After all, we now station over half a million U.S. troops, spies, contractors, dependents, and others on more than 737 military bases spread around the world. These bases are located in more than 130 countries, many of them presided over by dictatorial regimes that have given their citizens no say in the decision to let us in. The Pentagon publishes an inventory of the real estate it owns in its annual
Base Structure Report,
but
its official count of between 737 and 860 overseas installations is incomplete, omitting all our espionage bases and a number of others that are secret or could be embarrassing to the United States. For example, it leaves out the air force base at Manas in Kyrgyzstan, formerly part of the Soviet Union and today part of our attempt to roll back the influence of the Soviet Union’s successor state, Russia, and to control crucial Caspian Sea oil. It even neglects to mention the three bases built in tiny Qatar over the past few years, the headquarters for our high command during the invasion of Iraq in 2003, so as not to embarrass the emir of that country, who invited in our “infidel” soldiers. This same kind of embarrassment to the government of Saudi Arabia, not to mention the public displeasure of the Saudi national Osama bin Laden, forced us to move our forces out of that country and to Qatar in the years immediately preceding the assault on Iraq.

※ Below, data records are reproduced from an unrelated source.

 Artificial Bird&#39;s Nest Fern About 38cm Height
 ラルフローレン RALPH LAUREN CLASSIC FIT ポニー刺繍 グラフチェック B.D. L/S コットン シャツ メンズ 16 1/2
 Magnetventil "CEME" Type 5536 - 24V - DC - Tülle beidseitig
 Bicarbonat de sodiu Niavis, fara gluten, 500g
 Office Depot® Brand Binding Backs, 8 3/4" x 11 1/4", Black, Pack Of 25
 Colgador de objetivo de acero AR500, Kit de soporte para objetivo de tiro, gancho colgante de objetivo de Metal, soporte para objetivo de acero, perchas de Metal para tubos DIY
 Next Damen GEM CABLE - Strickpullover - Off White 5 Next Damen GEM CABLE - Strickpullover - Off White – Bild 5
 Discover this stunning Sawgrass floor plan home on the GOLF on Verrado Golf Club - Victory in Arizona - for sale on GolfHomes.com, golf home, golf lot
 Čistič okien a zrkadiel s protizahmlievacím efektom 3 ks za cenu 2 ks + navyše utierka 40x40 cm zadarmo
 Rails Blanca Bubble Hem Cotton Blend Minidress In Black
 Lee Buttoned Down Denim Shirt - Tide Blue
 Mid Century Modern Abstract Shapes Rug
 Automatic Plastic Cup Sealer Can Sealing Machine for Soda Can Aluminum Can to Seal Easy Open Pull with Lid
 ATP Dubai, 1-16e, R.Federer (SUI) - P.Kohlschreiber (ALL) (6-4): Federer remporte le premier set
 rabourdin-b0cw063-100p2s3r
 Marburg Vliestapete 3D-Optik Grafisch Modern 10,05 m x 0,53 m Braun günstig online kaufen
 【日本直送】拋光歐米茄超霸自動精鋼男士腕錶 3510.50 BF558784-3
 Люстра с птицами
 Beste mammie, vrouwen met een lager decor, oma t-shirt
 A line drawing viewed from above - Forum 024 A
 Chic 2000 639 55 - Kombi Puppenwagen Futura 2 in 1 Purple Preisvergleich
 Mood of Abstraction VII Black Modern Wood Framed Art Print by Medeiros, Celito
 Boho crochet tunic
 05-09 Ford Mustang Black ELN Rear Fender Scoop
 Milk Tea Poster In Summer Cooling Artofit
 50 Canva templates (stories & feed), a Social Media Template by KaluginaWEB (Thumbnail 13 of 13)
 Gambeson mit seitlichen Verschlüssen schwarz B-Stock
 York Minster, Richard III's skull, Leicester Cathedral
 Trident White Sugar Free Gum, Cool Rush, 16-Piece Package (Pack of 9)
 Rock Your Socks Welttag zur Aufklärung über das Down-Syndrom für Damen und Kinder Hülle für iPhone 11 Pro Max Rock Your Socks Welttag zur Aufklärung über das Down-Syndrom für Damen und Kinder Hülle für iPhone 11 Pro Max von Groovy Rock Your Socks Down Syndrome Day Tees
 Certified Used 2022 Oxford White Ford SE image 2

The purpose of all these bases is “force projection,” or the maintenance of American military hegemony over the rest of the world. They facilitate our “policing” of the globe and are meant to ensure that no other nation, friendly or hostile, can ever challenge us militarily. In
The Sorrows of Empire
I described this planet-spanning baseworld, including the history and development of various installations, the creation of an airline—the Air Mobility Command—to connect them to one another and to Washington, and the comforts available to our personnel through the military’s various “Morale, Welfare, and Recreation” (MWR) commands. Some of the “rest-and-recreation” facilities include the armed forces ski center at Garmisch in the Bavarian Alps, over two hundred military golf courses around the world, some seventy-one Learjets and other luxury aircraft to fly admirals and generals to such watering holes, and luxury hotels for our troops and their families in Tokyo, Seoul, on the Italian Riviera, at Florida’s Disney World, and many other places.
Americans cannot truly appreciate the impact of our bases elsewhere because there are no foreign military bases within the United States. We have no direct experience of such unwelcome features of our military encampments abroad as the networks of brothels around their main gates, the nightly bar brawls, the sexually violent crimes against civilians, and the regular hit-and-run accidents. These, together with noise and environmental pollution, are constant blights we inflict on local populations to maintain our lifestyle. People who live near our bases must also
put up with the racial and religious insults that our culturally ignorant, high-handed troops often think is their right to dish out. Imperialism means one nation imposing its will on others through the threat or actual use of force. Imperialism is a root cause of blowback. Our global garrisons provide that threat and are a cause of blowback.
It takes a lot of people to garrison the globe. Service in our armed forces is no longer a short-term obligation of citizenship, as it was back in 1953 when I served in the navy. Since 1973, it has been a career choice, one often made by citizens trying to escape from the poverty and racism that afflict our society. That is why African-Americans are twice as well represented in the army as they are in our population, even though the numbers have been falling as the war in Iraq worsens, and why 50 percent of the women in the armed forces are minorities. That is why the young people in our colleges and universities today remain, by and large, indifferent to America’s wars and covert operations: without the draft, such events do not affect them personally and therefore need not distract them from their studies and civilian pursuits.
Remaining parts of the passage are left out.